_RECORDS FOR PROCESSING_.
——————

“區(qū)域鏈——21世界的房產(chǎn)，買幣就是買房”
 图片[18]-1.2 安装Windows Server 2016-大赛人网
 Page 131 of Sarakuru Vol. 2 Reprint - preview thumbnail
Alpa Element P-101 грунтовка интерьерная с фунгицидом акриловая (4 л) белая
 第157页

——————

All records above must be returned exactly as they appear.

_EXERCISE RESULT_.
“區(qū)域鏈——21世界的房產(chǎn)，買幣就是買房”
 图片[18]-1.2 安装Windows Server 2016-大赛人网
 Page 131 of Sarakuru Vol. 2 Reprint - preview thumbnail
Alpa Element P-101 грунтовка интерьерная с фунгицидом акриловая (4 л) белая
 第157页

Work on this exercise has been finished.